O, dzięki dobra kobieto :x
też chcę cos pourozmaicać
Pomidory zapiekane. Farsz - kuskus, miąsz z pomidora i ser pleśniowy oraz kozi.
Dobre to!
Pierwszy raz robiłam.
wczoraj znowu cukinia - jako skladnik warzywnego singapurskiego curry Nyonya z mlekiem kokosowym (w oryginale to curry z kurczakiem, u nas było czysto warzywne: cukinia, cebula, papryka, marchew, bambus), do tego ciemny ryż, przyprawione pierwszą własnoręcznie wyhodowaną tajską bazylią.
I testujemy kolejny sernik, ale na sobotę muszę upiec kilka ciast na większą imprezę i chcę mieć sprawdzone przepisy. Tym razem sernik bardzo kremowy, waniliowo-kokosowy, wejdzie do repertuaru.

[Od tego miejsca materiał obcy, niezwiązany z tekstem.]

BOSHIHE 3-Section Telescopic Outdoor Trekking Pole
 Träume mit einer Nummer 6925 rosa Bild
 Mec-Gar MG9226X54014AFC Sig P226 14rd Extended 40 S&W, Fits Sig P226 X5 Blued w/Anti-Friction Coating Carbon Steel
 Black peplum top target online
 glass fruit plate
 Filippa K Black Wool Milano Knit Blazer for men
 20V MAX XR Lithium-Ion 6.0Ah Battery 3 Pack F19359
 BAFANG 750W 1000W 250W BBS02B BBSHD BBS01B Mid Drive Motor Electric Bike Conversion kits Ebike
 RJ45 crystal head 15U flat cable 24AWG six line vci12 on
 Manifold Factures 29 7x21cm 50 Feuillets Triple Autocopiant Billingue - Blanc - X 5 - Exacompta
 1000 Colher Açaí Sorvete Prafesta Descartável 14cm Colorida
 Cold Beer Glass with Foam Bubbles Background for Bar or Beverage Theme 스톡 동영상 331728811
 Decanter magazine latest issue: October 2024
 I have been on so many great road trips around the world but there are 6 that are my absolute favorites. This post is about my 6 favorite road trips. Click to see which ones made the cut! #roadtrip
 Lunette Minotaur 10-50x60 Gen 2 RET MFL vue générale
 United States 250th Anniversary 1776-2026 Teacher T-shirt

Spód taki jak podana tam wersja uproszczona (wydaje mi się, że nawet lepiej pasuje, bo wolę, jak w serniku jest mniej spodu, a więcej... sernika).
Robiłam z serków 40% tłuszczu i dodałam jakąś resztkę philadelphii, do śmietany wrzuciłam też białą czekoladę.